Recorded data:
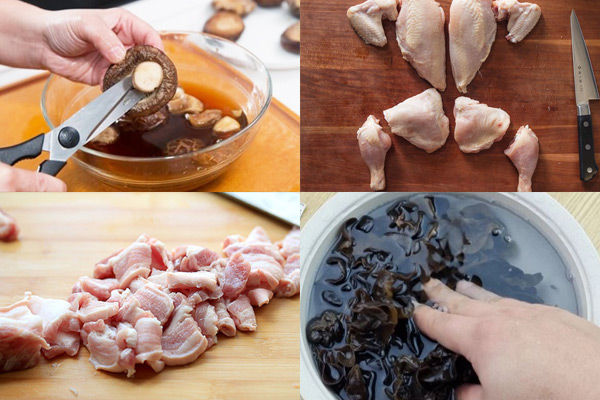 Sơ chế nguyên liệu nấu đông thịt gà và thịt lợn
---
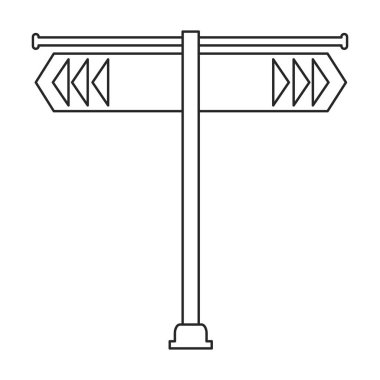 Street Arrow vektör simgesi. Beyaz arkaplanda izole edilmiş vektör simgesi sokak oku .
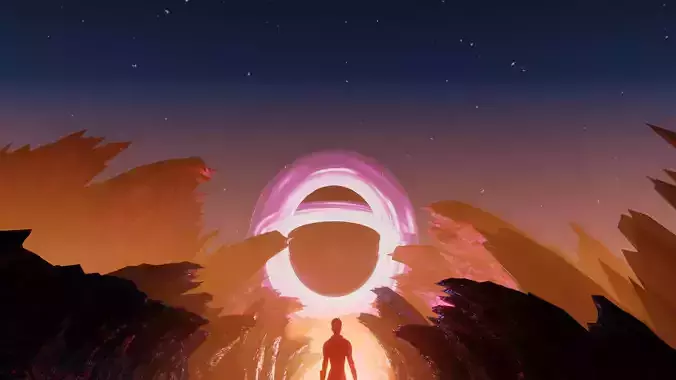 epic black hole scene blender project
* * *
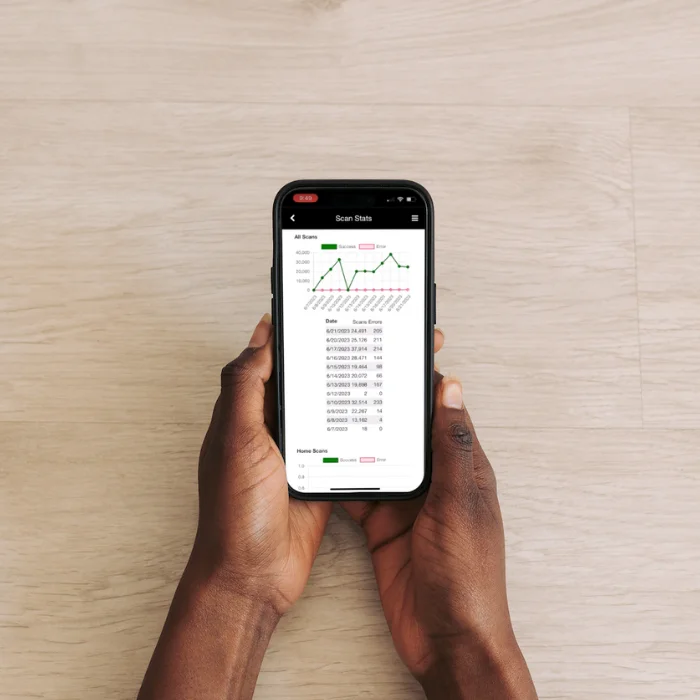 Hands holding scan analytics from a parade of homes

What is expected: The lines above from the line with "Street Arrow vektör" through the line with "epic black hole scene blender project" are to be given again word for word, with no pictures among them.

Response to the exercise:
 Street Arrow vektör simgesi. Beyaz arkaplanda izole edilmiş vektör simgesi sokak oku .
 epic black hole scene blender project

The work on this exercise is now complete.